Further limitations of the analytical technique also need to be considered. The algebraic process of SVD is based on signal reconstruction analysis and therefore cannot map the depolarisation wave propagation directly. The ECG images of localised depolarisation abnormalities might cancel each other and thus be beyond SVD detection. The presented analysis might therefore underestimate but not overestimate depolarisation abnormalities. As already stated, while the span of heart rates covered by different ECGs in individual subjects was reasonably wide, the span of the QRS durations was limited in some subjects. In such cases, the regression projections to 100 ms of QRS duration might have involved substantial extrapolation beyond available data and might thus have polluted the estimates by some errors. The source clinical studies did not involve echocardiographic examinations and we are thus unable to relate the observations to anatomical heart sizes.

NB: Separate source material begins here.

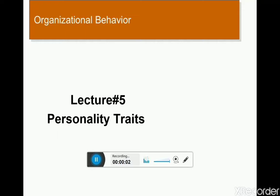Starting in the name of Allah the most merciful, mighty and gracious to all. Bismillahirrahmanirrahim and welcome to the class of Organizational Behavior. Today we are going to discuss the fifth lecture of Organizational Behavior.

The original Holter recordings used Mason-Likar electrode positions. We cannot answer the question of whether this influenced the measured values and whether any derived normality limits would be different if standard ECG leads were used. The spans of the ages of the subjects were not wide enough to investigate age influence. Although the ECG signal quality might be influenced by obesity, we have not related the measurements to body mass index.

Conclusion

Despite these limitations, the presented technology and data analyses suggest that components of QRS complex beyond the 3-dimensional reconstruction can reliably be estimated and that they have an electrophysiologic role in judging the propagation of the depolarisation waveform through the myocardium. It appears that the detailed convolution of the depolarisation waveform is individual, and that smoother and less intricate depolarisation propagation is the mechanism responsible for shorter QRS duration in females.